Sometimes you're in Luck! (Video)
Although it feels like spring now, my mind is still with the subzero temperatures we had. The winter weather caused extraordinary, un-Dutch scenes. I am going to write an extensive blog about my mornings on the Wadden Sea, but for today I am taking you to the IJsselmeer, where a good dose of luck helps me to shoot a killer image!
All good things come to an end; The thaw sets in. But because there is quite a lot of ice on the IJsselmeer, we are treated to one last surprise: drifting ice! This phenomenon occurs when the ice starts to break and is then pushed ashore by the wind and current. Depending on the amount, thickness and wind direction, this can lead to a huge spectacle.
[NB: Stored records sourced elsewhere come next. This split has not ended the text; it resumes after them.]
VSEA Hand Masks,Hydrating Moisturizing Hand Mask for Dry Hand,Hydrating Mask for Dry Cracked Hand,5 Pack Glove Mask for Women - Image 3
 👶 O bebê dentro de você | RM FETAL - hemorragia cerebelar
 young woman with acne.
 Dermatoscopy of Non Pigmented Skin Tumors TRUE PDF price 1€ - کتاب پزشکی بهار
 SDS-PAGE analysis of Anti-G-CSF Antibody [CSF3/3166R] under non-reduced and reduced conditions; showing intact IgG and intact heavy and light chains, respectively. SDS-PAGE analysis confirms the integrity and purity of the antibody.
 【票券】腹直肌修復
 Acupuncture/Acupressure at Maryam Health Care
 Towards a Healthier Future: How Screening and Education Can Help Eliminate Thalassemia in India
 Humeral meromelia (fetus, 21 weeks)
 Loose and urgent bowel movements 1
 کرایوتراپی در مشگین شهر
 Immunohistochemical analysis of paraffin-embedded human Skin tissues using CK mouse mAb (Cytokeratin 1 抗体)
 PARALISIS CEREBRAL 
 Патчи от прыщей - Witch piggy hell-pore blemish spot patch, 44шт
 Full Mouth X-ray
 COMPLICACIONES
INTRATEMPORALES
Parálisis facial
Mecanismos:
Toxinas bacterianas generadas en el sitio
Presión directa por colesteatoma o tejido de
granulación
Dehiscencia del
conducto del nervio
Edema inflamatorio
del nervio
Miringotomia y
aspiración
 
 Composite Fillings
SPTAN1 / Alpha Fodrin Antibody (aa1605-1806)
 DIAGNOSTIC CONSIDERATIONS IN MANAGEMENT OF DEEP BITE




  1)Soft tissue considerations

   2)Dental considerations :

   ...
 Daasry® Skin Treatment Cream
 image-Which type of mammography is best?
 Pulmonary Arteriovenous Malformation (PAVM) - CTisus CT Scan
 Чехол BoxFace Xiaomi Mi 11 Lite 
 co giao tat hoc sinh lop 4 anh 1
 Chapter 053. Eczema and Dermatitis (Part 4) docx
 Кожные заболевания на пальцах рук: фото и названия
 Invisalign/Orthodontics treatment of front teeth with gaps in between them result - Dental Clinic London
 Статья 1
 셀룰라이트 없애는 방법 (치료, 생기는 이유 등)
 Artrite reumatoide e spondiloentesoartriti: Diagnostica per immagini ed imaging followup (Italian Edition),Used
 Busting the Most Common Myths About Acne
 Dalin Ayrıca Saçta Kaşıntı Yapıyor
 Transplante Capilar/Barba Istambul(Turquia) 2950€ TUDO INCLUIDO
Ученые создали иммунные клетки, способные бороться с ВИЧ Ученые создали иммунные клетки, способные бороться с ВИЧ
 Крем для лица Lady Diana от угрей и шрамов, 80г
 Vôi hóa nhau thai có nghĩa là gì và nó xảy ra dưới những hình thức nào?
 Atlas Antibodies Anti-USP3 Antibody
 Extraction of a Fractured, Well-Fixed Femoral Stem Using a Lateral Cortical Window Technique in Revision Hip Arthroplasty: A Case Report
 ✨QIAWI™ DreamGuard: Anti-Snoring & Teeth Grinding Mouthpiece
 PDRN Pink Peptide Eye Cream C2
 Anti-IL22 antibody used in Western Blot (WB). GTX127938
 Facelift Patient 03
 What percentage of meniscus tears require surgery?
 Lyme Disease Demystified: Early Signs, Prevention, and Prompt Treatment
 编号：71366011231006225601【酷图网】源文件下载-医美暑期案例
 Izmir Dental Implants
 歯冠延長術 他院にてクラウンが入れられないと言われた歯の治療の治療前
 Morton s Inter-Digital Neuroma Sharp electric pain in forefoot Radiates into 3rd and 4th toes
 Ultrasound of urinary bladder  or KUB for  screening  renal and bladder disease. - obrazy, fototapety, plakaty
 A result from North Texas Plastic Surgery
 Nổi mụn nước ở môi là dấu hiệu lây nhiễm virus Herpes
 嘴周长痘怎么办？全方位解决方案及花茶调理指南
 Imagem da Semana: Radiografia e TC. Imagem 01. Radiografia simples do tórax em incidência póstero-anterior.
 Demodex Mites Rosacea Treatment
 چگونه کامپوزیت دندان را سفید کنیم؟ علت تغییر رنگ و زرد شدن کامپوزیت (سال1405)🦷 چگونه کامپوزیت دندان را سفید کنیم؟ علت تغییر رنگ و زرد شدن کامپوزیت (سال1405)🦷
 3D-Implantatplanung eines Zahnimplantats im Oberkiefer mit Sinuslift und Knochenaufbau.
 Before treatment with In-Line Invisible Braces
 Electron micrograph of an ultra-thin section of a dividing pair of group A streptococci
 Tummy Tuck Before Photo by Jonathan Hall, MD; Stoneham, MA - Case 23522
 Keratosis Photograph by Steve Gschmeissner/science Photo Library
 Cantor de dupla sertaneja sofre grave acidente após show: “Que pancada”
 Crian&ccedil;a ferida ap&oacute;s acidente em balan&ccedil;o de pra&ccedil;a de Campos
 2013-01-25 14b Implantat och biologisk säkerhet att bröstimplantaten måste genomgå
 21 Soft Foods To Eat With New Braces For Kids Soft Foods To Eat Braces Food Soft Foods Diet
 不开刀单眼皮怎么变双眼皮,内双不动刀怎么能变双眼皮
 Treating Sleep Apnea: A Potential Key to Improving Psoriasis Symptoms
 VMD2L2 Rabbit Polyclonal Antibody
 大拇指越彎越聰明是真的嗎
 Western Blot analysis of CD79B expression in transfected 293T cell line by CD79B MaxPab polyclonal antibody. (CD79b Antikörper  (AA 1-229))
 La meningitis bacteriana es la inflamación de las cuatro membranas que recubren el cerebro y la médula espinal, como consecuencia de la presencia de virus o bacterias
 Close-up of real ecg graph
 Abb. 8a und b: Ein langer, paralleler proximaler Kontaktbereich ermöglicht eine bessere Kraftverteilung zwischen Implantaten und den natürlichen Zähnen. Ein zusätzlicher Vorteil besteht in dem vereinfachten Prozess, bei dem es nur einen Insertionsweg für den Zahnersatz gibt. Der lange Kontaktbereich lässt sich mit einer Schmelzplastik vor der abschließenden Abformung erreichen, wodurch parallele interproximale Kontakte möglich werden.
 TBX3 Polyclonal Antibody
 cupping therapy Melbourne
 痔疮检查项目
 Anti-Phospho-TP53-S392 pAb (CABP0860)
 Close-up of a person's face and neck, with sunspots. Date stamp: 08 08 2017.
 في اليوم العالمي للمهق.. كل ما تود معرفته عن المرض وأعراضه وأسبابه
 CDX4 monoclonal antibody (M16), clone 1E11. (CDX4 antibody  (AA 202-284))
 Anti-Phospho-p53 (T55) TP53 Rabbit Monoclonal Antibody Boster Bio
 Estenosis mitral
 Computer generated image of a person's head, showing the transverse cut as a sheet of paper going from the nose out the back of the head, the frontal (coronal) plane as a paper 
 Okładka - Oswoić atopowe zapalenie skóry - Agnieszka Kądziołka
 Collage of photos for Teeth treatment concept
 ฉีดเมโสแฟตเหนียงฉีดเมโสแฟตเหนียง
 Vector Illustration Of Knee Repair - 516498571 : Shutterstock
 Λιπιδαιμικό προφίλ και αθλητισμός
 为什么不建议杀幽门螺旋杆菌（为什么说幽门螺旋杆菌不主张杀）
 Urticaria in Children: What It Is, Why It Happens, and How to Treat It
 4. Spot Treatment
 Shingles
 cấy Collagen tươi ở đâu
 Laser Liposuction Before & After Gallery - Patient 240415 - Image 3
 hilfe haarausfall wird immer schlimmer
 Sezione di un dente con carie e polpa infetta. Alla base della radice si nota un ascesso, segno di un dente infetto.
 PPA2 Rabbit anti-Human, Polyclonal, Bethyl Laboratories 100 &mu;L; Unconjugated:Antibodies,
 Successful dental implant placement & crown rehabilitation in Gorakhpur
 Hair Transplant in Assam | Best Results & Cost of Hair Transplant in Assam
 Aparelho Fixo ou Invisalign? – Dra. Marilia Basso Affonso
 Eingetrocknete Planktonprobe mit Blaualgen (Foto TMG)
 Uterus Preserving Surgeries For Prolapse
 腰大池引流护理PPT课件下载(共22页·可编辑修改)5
Because it is a gray day, I don’t have to get up early. The sun is barely visible. I start my search in Lemmer. However, there is not a piece of ice to be found, so I quickly continue. Via the Red Cliff and the Mirnster Klif, I drive past Laaksum and Skarl. A nice route. I grew up in this region, so I know where I get the best chance to shoot a nice photo. At Skarl, I take some traditional ice photos but I miss the excitement. I want something different. From this spot, I have a wide view across the IJsselmeer and I see that the ice accumulation is higher towards Stavoren. So I have to go that way too!
Lots of people
In Stavoren, I park at the harbor and cross the dike. My feelings are somewhat tense, I am not satisfied yet and do not know what I will find here. It is busy, many people have come to Stavoren to see the drifting ice. No wonder! There is a lot here! After taking a number of photos from one of the big piles (this to the dismay of a local due to the potential danger), I decide to walk to the fishing harbor entrance. Here are two beacons that could be of interest I see a beautiful line of broken ice and have found my composition!
To get the shot I want, I need to be as close to the waterline as possible. Therefore, I climbdown the steep and super slippery stones. Balancing on the rocks, I prep my gear. I want to start the ice-line at the bottom left of my image. It is quite a hassle to find a satisfying place for my tripod. Many of the ice blocks are loose, the stones are slippery and the water is fairly deep. Eventually it works, and after some fine-tuning I am satisfied with my composition!
Through the ice
I enjoy the view while taking pictures. The sun breaks through behind me, while a heavy rain shower enters the scene in front of me. The forecast said it will rain non stop from 3 pm so it won’t take long now. Suddenly, I hear an engine roaring to my right and the sound of breaking ice; to my surprise a boat is going for the ice! I quickly switch my camera to film mode. This is too good to miss! The captain gives a huge burst of gas. The engines roars and the ice creaks!
But, as expected, the ice is too thick. I can’t believe my eyes. The ship comes to a standstill at exactly the right place in my composition. To top it off, the sun blasts through the clouds behind me. I can’t believe my luck! The image is complete. The dramatic sky, the line in the ice, the beacon and the boat are lit by the sun. While I am photographing, I enjoy the spectacle that takes place in front of me.
You make your own luck
After a while the sky starts to close, and rain falls. This is the sign for me to leave. Very happy with the image, I suddenly realize that on the one hand I have been very lucky, but on the other hand I enforce these this by going out often. In other words: exposing yourself to the elements, looking for beautiful subjects and being on location increases your chances of shooting beautiful images. Moments like this make all failures and “pointless” outings worth it. And besides, a moment in nature is never pointless!